Background: Necrotic enteritis (NE) is an economically important disease of poultry caused by certain Clostridium perfringens type A strains. The NetB toxin plays a critical role in the pathogenesis of NE. We previously demonstrated that netB is located within a 42 kb plasmid-encoded pathogenicity locus (NELoc-1), which also encodes 36 additional genes. Although NetB clearly plays a role in pathogenesis, the involvement of the other NELoc-1 genes has not yet been established. The current study was to provide experimental evidence to confirm the involvement of these genes in NE pathogenesis.
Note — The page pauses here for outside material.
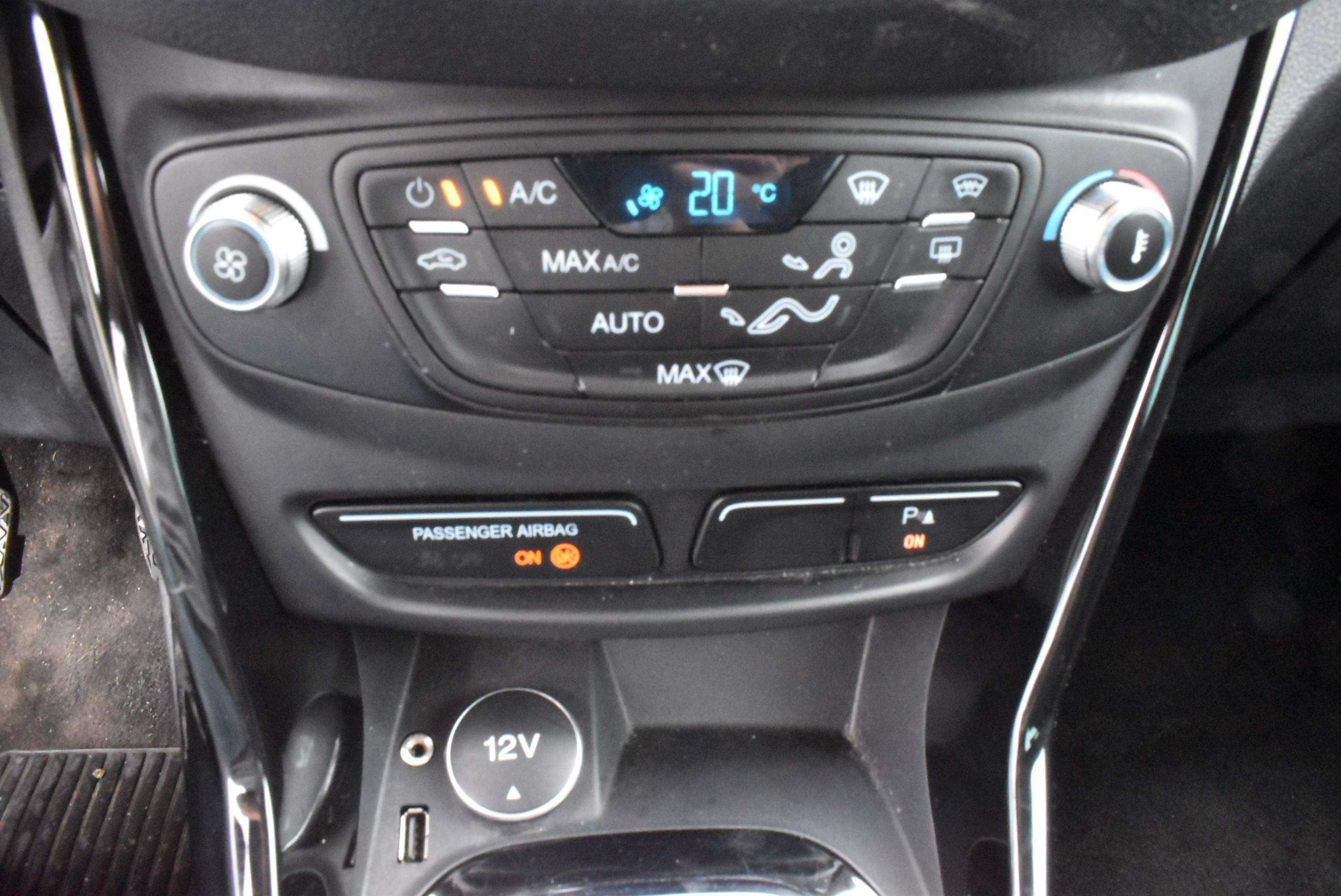 Ford B-Max 1.6 TDCi Titanium Airco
Results: The present study has characterized a virulent C. perfringens strain (CP1) that has spontaneously lost the NELoc-1-encoding plasmid, pCP1netB. When assessed for cytotoxicity on Leghorn Male Hepatoma (LMH) cells, the culture supernatant of the pCP1netB-deficient CP1 variant (CP1ΔpCP1netB) demonstrated significantly reduced cytotoxicity compared to the wild-type. In addition, CP1ΔpCP1netB was unable to cause intestinal lesions in chickens in a NE disease model. When netB alone was introduced into CP1ΔpCP1netB, in vitro cytotoxicity was restored to the wild-type level; however, it did not completely restore virulence when used to challenge broiler chickens [mean lesion score of 0.71 compared to 3.23 in the wild type control group (n = 14)].
Conclusions: The results of this study suggest that other genes present in NELoc-1, in addition to netB, are required for full virulence in the chicken challenge model.
Keywords: Clostridium perfringens; NELoc-1; Necrotic enteritis; NetB; Plasmid-deficient mutant.